Usually diagnosed during childhood, this condition is changing in its clinical impression and diagnostic criteria as I write this.
Asperger’s is currently seen as an Autism Spectrum Disorder, meaning that a person with Asperger’s will likely have mild to potentially more significant autistic characteristics.
Most notably common in this disorder is the lack of social skills the young person may be able to successfully use. They may miss social cues, such as “Don’t pick your toenails at the dinner table.” (Sorry for the visual image, but you get the point. They will play differently than kids their own age and will frequently choose one thing and do this or learn about the topic almost obsessively. They are usually very bright young people with excellent grades, loving to read, but having few, if any, friends. They can be shy and suffer from a low self-concept, only because they see themselves as differently from others and their attempt to be more socially involved may have been met with bullying or some other form of rejection. They are not usually a “team” player, choosing often to avoid team sports for more individual activities.
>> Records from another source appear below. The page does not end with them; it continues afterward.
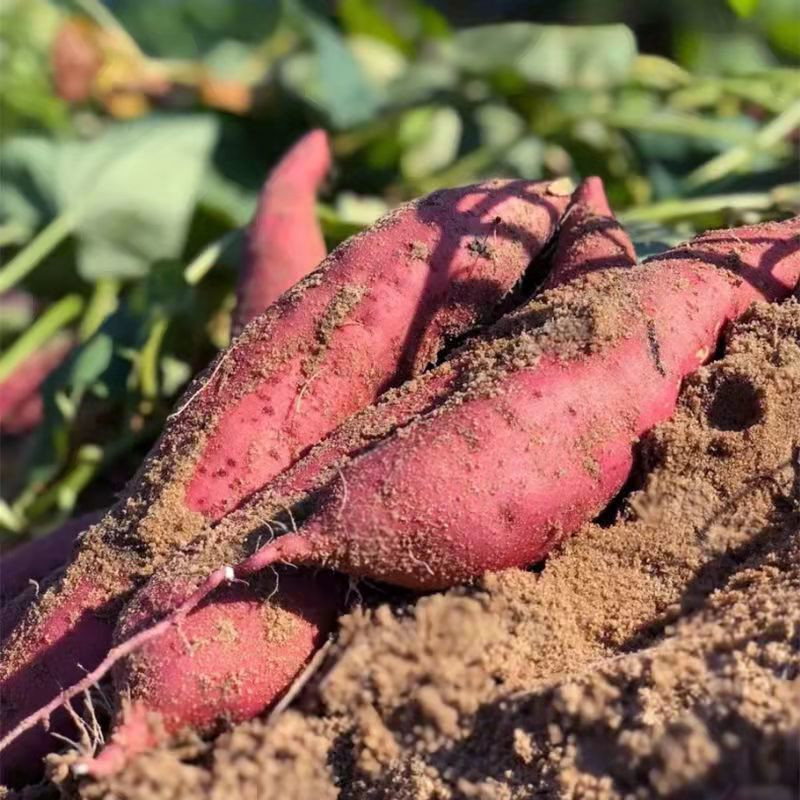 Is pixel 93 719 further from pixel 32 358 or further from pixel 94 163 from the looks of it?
pixel 94 163

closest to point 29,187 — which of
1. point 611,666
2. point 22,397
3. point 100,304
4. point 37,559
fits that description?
point 100,304

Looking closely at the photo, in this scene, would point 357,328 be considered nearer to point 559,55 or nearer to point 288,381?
point 288,381

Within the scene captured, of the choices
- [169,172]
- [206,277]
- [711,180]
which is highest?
[169,172]

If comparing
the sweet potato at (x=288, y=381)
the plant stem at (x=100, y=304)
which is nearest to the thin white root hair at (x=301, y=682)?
the sweet potato at (x=288, y=381)

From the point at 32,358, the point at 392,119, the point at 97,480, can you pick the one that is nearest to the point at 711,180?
the point at 392,119

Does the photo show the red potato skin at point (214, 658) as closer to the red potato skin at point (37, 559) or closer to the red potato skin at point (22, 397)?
the red potato skin at point (37, 559) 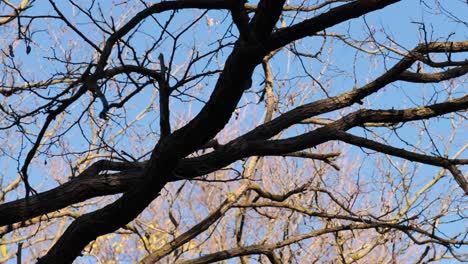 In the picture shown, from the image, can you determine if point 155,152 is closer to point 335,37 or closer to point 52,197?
point 52,197

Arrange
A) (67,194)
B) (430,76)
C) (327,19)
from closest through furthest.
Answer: (327,19)
(67,194)
(430,76)

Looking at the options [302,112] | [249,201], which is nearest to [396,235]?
[249,201]

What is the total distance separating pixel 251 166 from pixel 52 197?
3157 mm

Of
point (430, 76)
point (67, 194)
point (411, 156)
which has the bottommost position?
point (411, 156)

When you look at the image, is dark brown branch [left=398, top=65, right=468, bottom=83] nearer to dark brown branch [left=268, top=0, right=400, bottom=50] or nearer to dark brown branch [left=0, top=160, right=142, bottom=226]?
dark brown branch [left=268, top=0, right=400, bottom=50]

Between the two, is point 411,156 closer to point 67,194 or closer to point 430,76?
point 430,76

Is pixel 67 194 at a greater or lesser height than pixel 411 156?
greater

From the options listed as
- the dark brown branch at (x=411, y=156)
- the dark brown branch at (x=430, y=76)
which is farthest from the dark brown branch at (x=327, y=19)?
the dark brown branch at (x=430, y=76)

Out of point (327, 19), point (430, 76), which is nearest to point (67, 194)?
point (327, 19)

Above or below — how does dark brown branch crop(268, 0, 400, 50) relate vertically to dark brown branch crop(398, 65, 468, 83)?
below

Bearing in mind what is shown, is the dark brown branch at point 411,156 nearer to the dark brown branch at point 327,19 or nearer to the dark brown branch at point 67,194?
the dark brown branch at point 327,19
Any approach to the treatment of Asperger’s has always included individual sessions to build a supportive and encouraging therapeutic relationship, which then moves to group sessions as the primary tool for building social skills and awareness; understanding how to have relationships with others in a safe, well-structured environment. My groups with the Asperger’s population include experiential challenges the group member are required to resolve together, putting them in a position to take on new skills for listening, communicating with others, and being a leader or an effective follower.
Group therapy is very effective for the young person with Asperger’s and has the added benefit of always meeting after school hours, so parents are not always picking them up from school and taking them back, gambling on the excused absence being counted and the child missing a subject in which they needed to participate.
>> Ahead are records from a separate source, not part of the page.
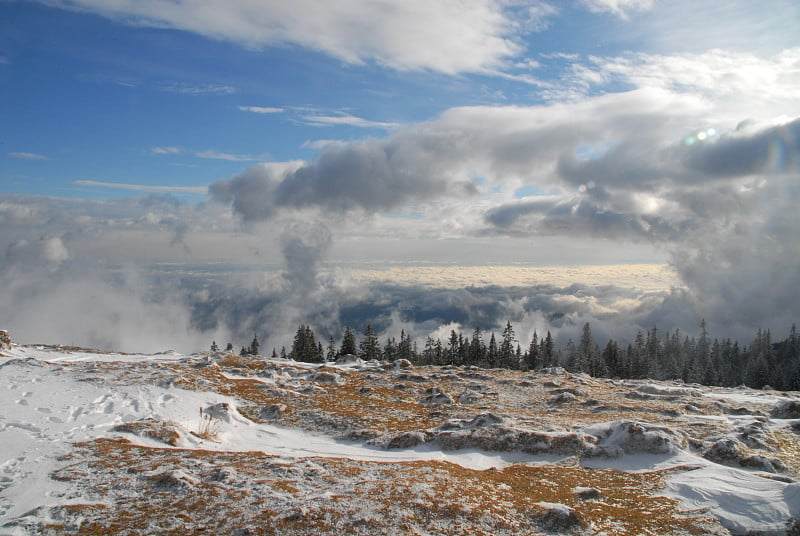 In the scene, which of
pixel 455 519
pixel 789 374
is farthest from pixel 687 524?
pixel 789 374

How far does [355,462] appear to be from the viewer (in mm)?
16266

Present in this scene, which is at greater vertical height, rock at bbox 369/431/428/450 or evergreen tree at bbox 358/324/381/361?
rock at bbox 369/431/428/450

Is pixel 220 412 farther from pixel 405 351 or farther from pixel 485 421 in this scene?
pixel 405 351

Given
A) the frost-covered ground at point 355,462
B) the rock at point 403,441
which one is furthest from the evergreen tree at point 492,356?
the rock at point 403,441

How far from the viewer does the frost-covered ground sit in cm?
1145

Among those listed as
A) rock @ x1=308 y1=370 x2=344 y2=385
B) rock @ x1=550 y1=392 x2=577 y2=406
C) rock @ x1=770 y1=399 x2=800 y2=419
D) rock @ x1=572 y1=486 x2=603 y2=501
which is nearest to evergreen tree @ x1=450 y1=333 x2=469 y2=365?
rock @ x1=308 y1=370 x2=344 y2=385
Counseling helps the Asperger’s young person regain confidence, understand themselves and others, and build social skill and insight that is necessary to function successfully.
This disorder is, at times, misdiagnosed as Attention Deficit Hyperactivity Disorder (ADHD). There are occasions where a young person may accurately be diagnosed with both. Knowing clearly which disorder is prevalent and treatment experience with both is necessary for coordinating prescriptions with other professionals and for knowing the correct treatment approach.